1

I have an XML file that contains the following type of data

<definition name="/products/phone" path="/main/something.jsp" > </definition>

There are dozens of nodes in the xml file.

What I want to do is extract the url under the 'name' parameter so my end result will be:

http://www.mysite.com/products/phone.jsp

Can I do this with a so called XML parser? I have no idea where to begin. Can someone steer me to a direction.

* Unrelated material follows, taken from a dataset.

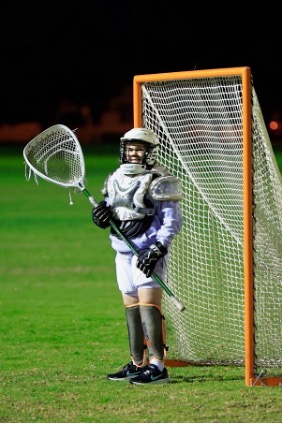 Ivy Merritt in goal during her first season as a goalie in 2023.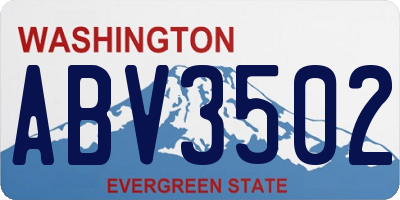 WA license plate ABV3502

What tools do I need to achieve something like that?

I am particularly interested in doing this with PHP.

Obi-Wan
  • 101
  • 1
  • 8

2 Answers2

1

It should be easy to append a path to an existing URL and expected resource type given the above basic XML.

If you are comfortable with C#, and you know there is one and only one "definition" element, here is a self contained little program that does what you require (and assumes you are loading the XML from a string):

using System;
using System.Xml;

public class parseXml
{
    private const string myDomain = "http://www.mysite.com/";
    private const string myExtension = ".jsp";

    public static void Main()
    {
        string xmlString = "<definition name='/products/phone' path='/main/something.jsp'> </definition>";

        XmlDocument doc = new XmlDocument();

        doc.LoadXml(xmlString);

        string fqdn =   myDomain +
                        doc.DocumentElement.SelectSingleNode("//definition").Attributes["name"].ToString() +
                        myExtension;

        Console.WriteLine("Original XML: {0}\nResultant FQDN: {1}", xmlString, fqdn);
    }
}

You are going to need to be careful with SelectSingleNode above; the XPath expression assumes there is only one "definition" node and that you are searching from the document root.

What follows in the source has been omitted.